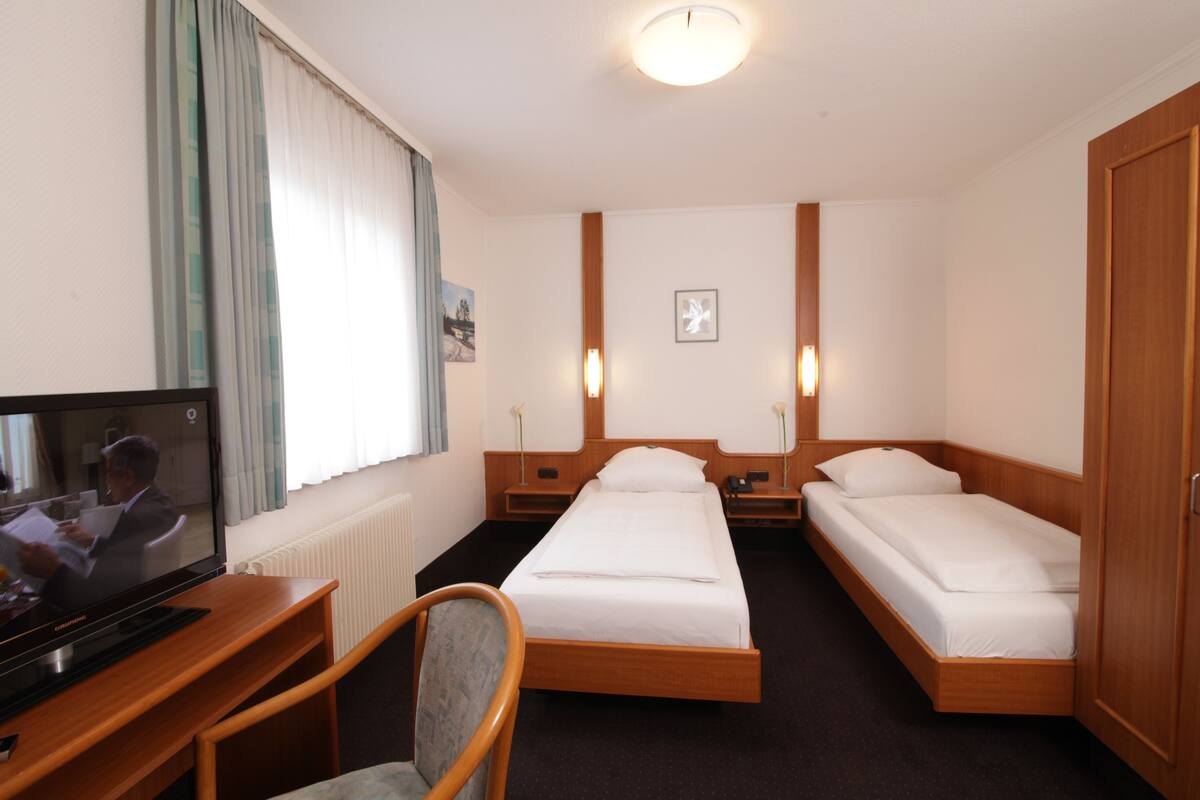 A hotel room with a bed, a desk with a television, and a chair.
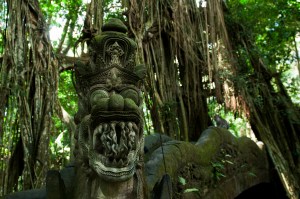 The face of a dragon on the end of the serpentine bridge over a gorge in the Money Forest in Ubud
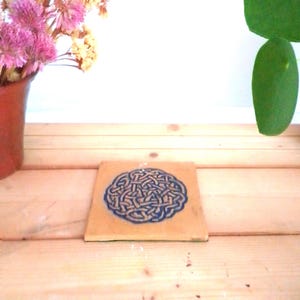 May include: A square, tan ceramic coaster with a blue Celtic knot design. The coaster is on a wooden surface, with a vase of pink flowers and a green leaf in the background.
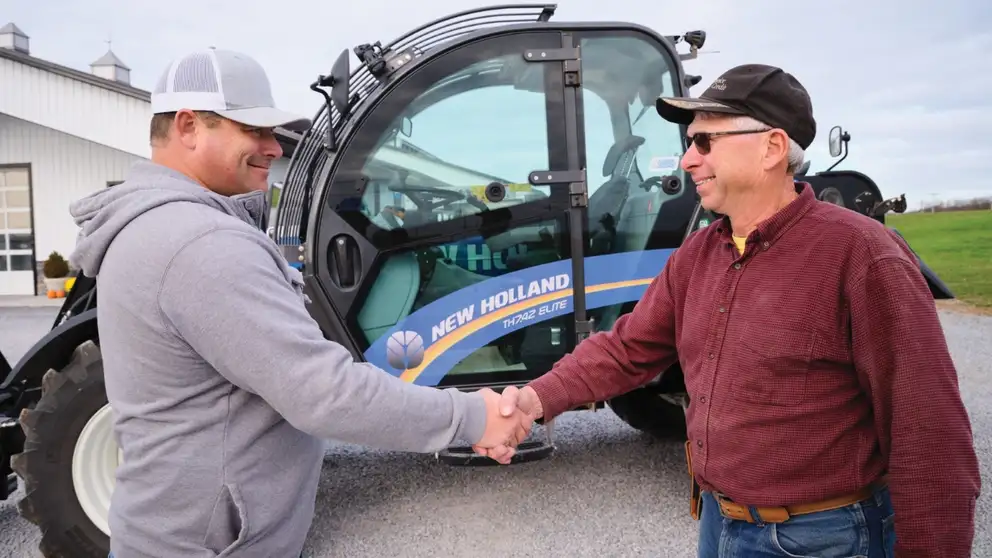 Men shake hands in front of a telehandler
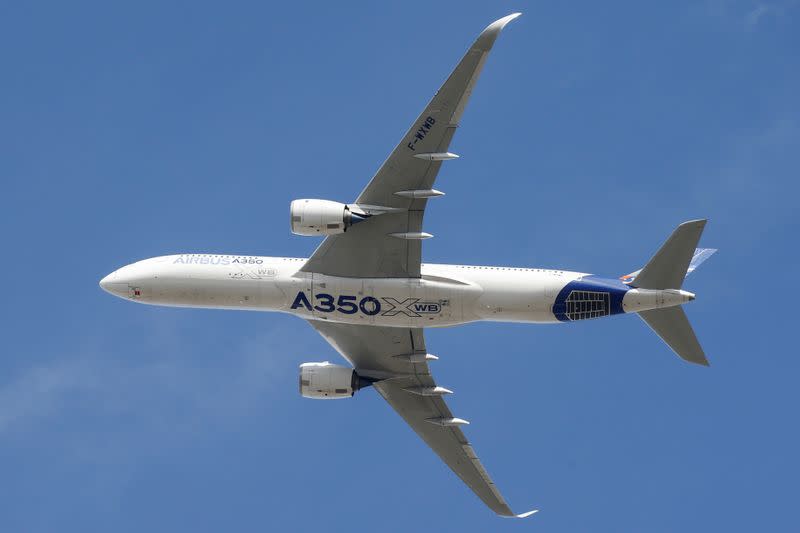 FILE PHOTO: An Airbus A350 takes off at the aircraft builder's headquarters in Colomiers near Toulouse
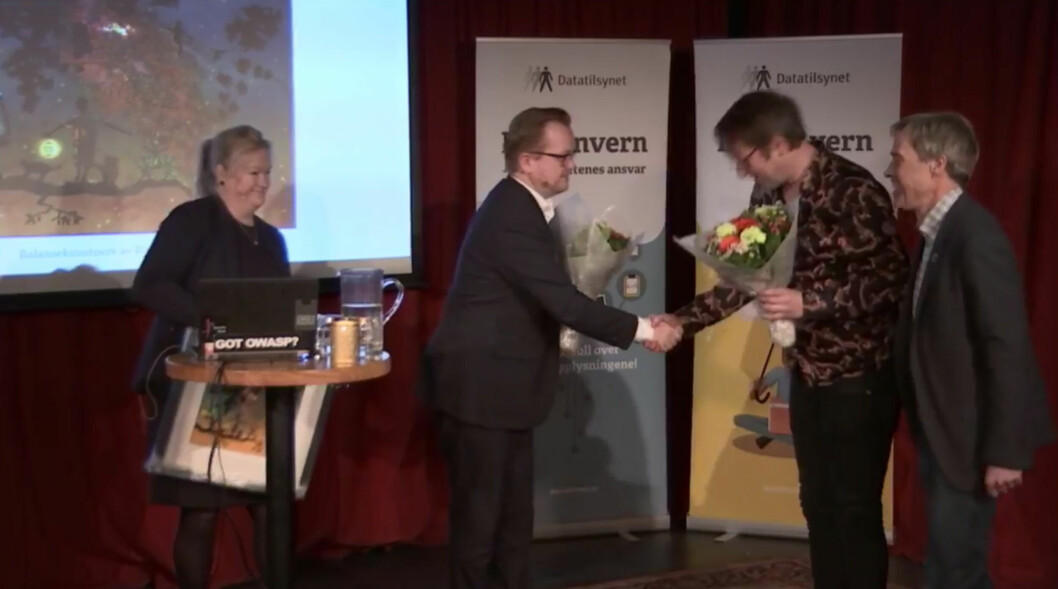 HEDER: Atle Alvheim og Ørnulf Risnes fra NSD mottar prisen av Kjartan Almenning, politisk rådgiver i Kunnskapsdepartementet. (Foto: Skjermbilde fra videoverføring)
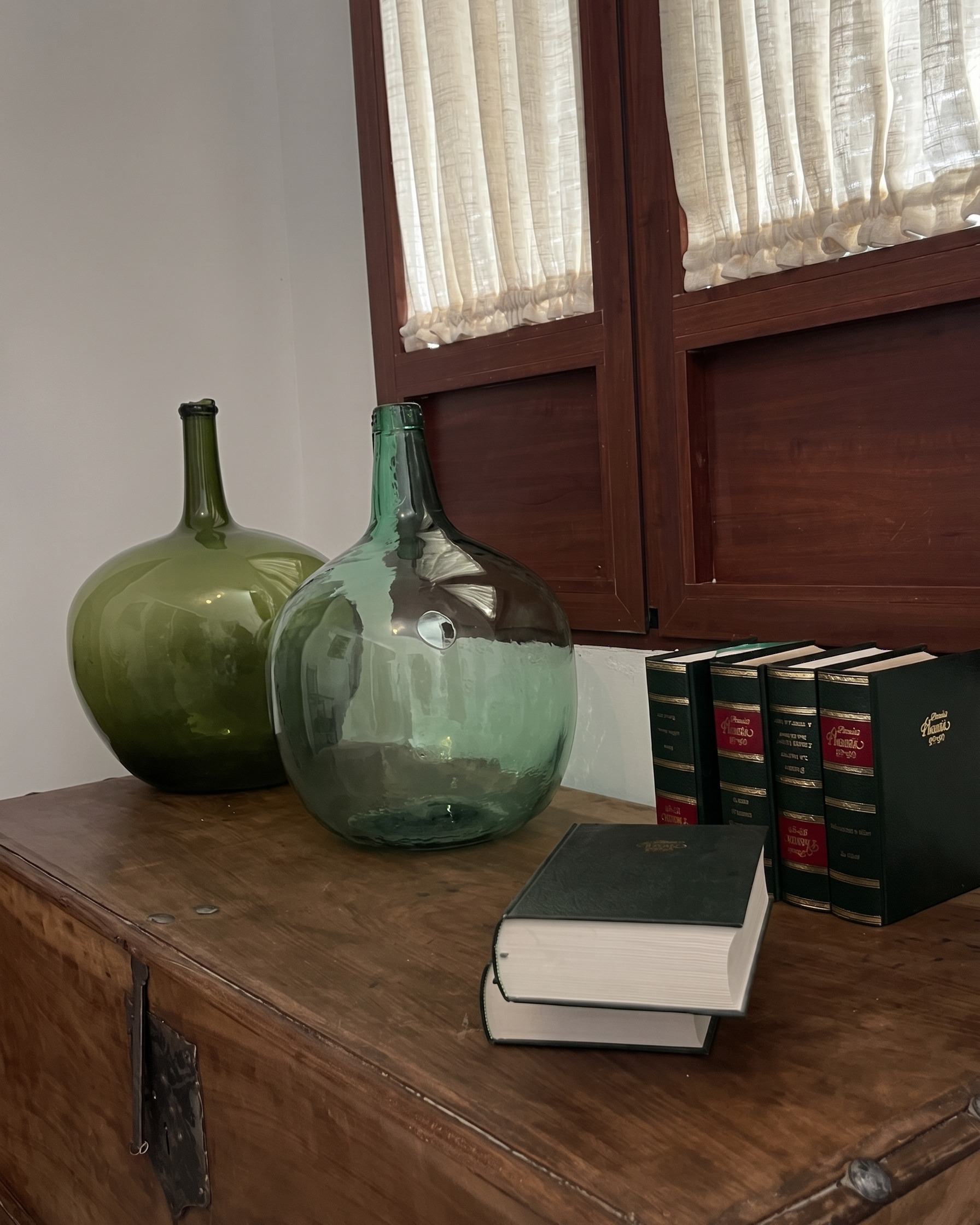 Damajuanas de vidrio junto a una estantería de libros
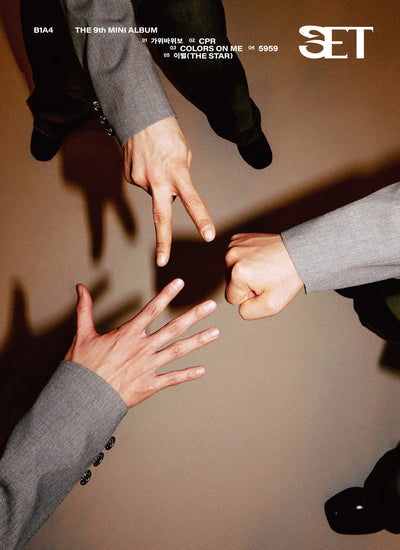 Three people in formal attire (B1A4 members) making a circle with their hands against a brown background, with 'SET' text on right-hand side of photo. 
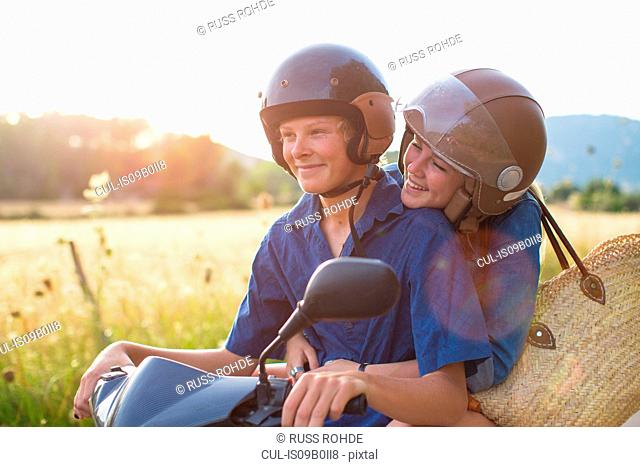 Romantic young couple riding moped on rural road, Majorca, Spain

◆ ◆ ◆ ◆ ◆ ◆ ◆

Problem to solve> Copy word for word every line from the one holding "Three people in" to the end of the listing, both ends included, but do not copy any pictures.

Result>
 Three people in formal attire (B1A4 members) making a circle with their hands against a brown background, with 'SET' text on right-hand side of photo. 
 Romantic young couple riding moped on rural road, Majorca, Spain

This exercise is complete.